Constructing a query using a php post variable

Question

I have a database table with user info: name, email and item they committed to donate. I'd like to display what item they own on the web page, so I've constructed this query:

$email  = (isset($_POST['email'])) ? $_POST['email'] : '';

$i = "SELECT required_items.name
      FROM required_items LEFT JOIN donations ON donations.item_id=required_items.id 
      WHERE donations.email = '" .$email. "' ";

$ir = $db->query($i);
$rows = $ir->fetchAll();

foreach($rows as $data){
$item_name = $data['name'];
}

Then later when I display the info:

<tr>
   <td><label>Item</label></td>
   <td><input type="text" name="name" value="<?php echo $item_name; ?>"></td>
</tr>

When I run the query and replace ".$email." with an email address, the query works correctly and I am able to see their donation in phpmyadmin, but as of right now with this variable in the code I only get something that just says Array.

How can I display the correct information? I eventually want it sent to the user via email so this would be very helpful.

EDIT: I've applied the advice given by STLMikey and now the $item_name displays "NULL".

Answer 1

Your code is very vulnerable to SQL injection attacks as it stands. You NEED to re-evaluate that SQL.(http://en.wikipedia.org/wiki/SQL_injection)
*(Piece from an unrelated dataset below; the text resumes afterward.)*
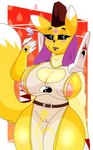 anthro blush breasts clothing female fur genitals simple_background smile solo tani_d bandai_namco digimon canid digimon_(species) mammal taomon digital_media_(artwork) hi_res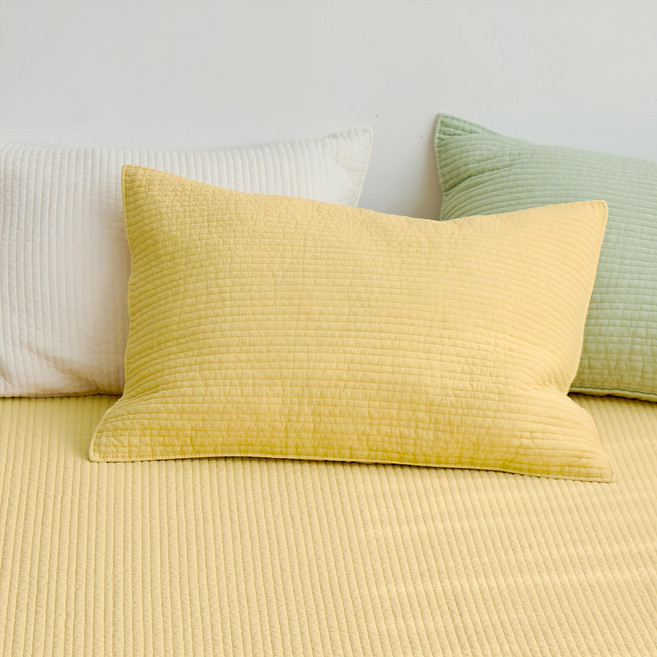 Prielle 棉花糖顏料染純棉枕套 奶油黃 50 x 70 cm 1入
To actually answer your question though, your variable named $item_name is a collection of all the rows returned by your query. You need to loop over it to extract the desired name from each row...something like the following:

$rows = $ir->fetchAll();
foreach($rows as $data){
    $item_name = $data['name'];
}

If you can't figure out why something is printing Array() to the screen, try calling print_r($var) on your variable to view it's contents. That will print the contents of an array so you can see the internals.